◆ Task description
Exactly retype the lines of the material from its first line to the line with "Người đàn ông", including both.

------ Exercise data ------

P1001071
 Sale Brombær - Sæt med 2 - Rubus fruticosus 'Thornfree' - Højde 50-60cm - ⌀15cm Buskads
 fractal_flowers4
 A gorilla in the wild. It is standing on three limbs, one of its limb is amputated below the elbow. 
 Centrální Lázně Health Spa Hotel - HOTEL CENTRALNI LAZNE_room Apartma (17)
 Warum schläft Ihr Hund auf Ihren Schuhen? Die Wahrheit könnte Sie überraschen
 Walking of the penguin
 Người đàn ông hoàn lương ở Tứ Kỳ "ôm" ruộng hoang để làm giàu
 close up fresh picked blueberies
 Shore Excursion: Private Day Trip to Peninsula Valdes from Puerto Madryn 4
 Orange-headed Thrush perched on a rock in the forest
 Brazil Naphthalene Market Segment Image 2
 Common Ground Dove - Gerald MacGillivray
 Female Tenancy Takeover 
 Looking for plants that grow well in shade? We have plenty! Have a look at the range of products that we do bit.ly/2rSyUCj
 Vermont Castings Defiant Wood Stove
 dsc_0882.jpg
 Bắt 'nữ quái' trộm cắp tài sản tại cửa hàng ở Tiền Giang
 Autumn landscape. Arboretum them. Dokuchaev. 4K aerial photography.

------

◆ Reply
P1001071
 Sale Brombær - Sæt med 2 - Rubus fruticosus 'Thornfree' - Højde 50-60cm - ⌀15cm Buskads
 fractal_flowers4
 A gorilla in the wild. It is standing on three limbs, one of its limb is amputated below the elbow. 
 Centrální Lázně Health Spa Hotel - HOTEL CENTRALNI LAZNE_room Apartma (17)
 Warum schläft Ihr Hund auf Ihren Schuhen? Die Wahrheit könnte Sie überraschen
 Walking of the penguin
 Người đàn ông hoàn lương ở Tứ Kỳ "ôm" ruộng hoang để làm giàu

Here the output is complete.